おまけ:出会いや繋がりは、どこでどう転がるか分からない。




















◆◆◆◆◆◆◆◆◆◆



・・・なぎ君とフェイトさんとリイン曹長がそんな話・・・いろんな意味で問題な話をする少し前。いや、真面目に問題だと思うんだけどさ。





とは言え・・・仕方ないのかな。なぎ君とリイン曹長の繋がりの深さは半端じゃないもの。リイン曹長だって、きっと男の子としてなぎ君の事大好きなんだろうし、もう・・・あれだよ。なぎ君はリイン曹長置いて相手の子と幸せにはなれないって。










「でも、それでリイン曹長も交えた一種の一夫多妻制って問題があるんじゃ」

「アルト、今更だよ。それなら逆に聞くけど、なぎ君がリイン曹長振り切ってフェイトさん・・・というか、他の女の人と幸せになるの、許せる?」





つまり、リイン曹長が図式に入らないということだね。例えるなら・・・『なぎ君×フェイトさん』・・・で終わるの。



もっと言うと『なぎ君×スバル』とか、『なぎ君×ティア』とかになっても、絶対にリイン曹長がプラスされないわけだよ。

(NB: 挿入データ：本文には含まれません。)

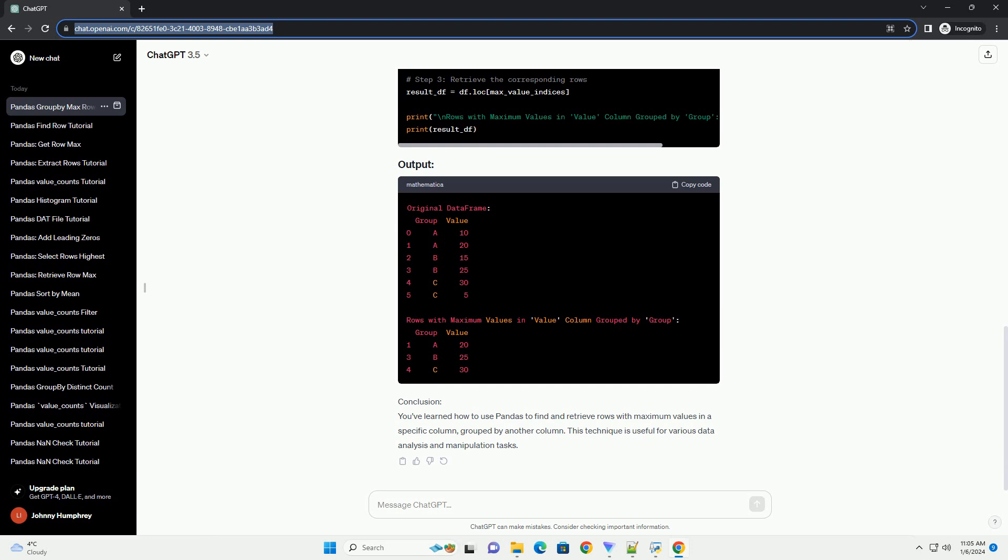Retrieve the corresponding rows. Use the obtained indices to extract the rows with the maximum values in the specified column within each group. Here's the code.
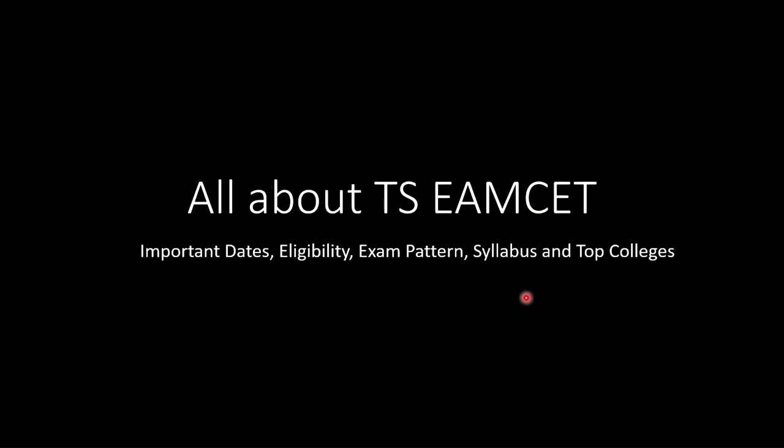Hello everyone. In today's video we are going to discuss important information regarding TS EAMCET examination. TS EAMCET stands for Telangana State Engineering, Agriculture and Medical Common Entrance Test. It is one of the most important exams in Telangana State as it provides admission to various prestigious institutes. Let's discuss this exam in detail.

「いいえ、許せません。だって・・・あんなにいじらしく想ってくれてるのに。
リイン曹長、付き合うとかそういうの無くていい、ただ側に居られるだけでいいからって言ってるんですよっ!? それすら振り切るって何事ですかっ!!」

「でしょ? だから、なぎ君は問題があろうとなかろうと、フェイトさんとリインさんの二人をお嫁に貰って、二人とも幸せにしないとだめなんだよ。
もうなぎ君はデフォルトで一夫多妻制の道を行く事が決定してるんだから」

「・・・アイツ、自業自得かも知れないけど大変ですよね。いや、真面目な話ですよ」










さて、そんな大変そうな三人を抜いた上で、ミッドで普通に日常を過ごしていた私達は、六課隊舎の休憩室に集まって色々と話をしていた。





まぁ、いつもの仕事終わりの雑談ってやつ? フォワード四人は今日の模擬戦の反省もやりつつ・・・だね。いや、みんな気合入ってていい感じだよ。





そして、そんな時・・・ふとルキノとアルトがこんな話をし出した。










「・・・なぎ君と初めて会ったとき?」

「うん。ルキノはなぎ君とは結構付き合い長いんだよね」

「そうだねー。私がアースラに乗艦する様になってから・・・だから、うわ、もう6年とかだよ」



なぎ君と初めて会った時の話になっていた。

・・・そう言えば、その頃なぎ君は主にその時アースラの館長・・・じゃなかった、艦長に就任していたクロノ提督の仕事を手伝う事が多かったんだっけ。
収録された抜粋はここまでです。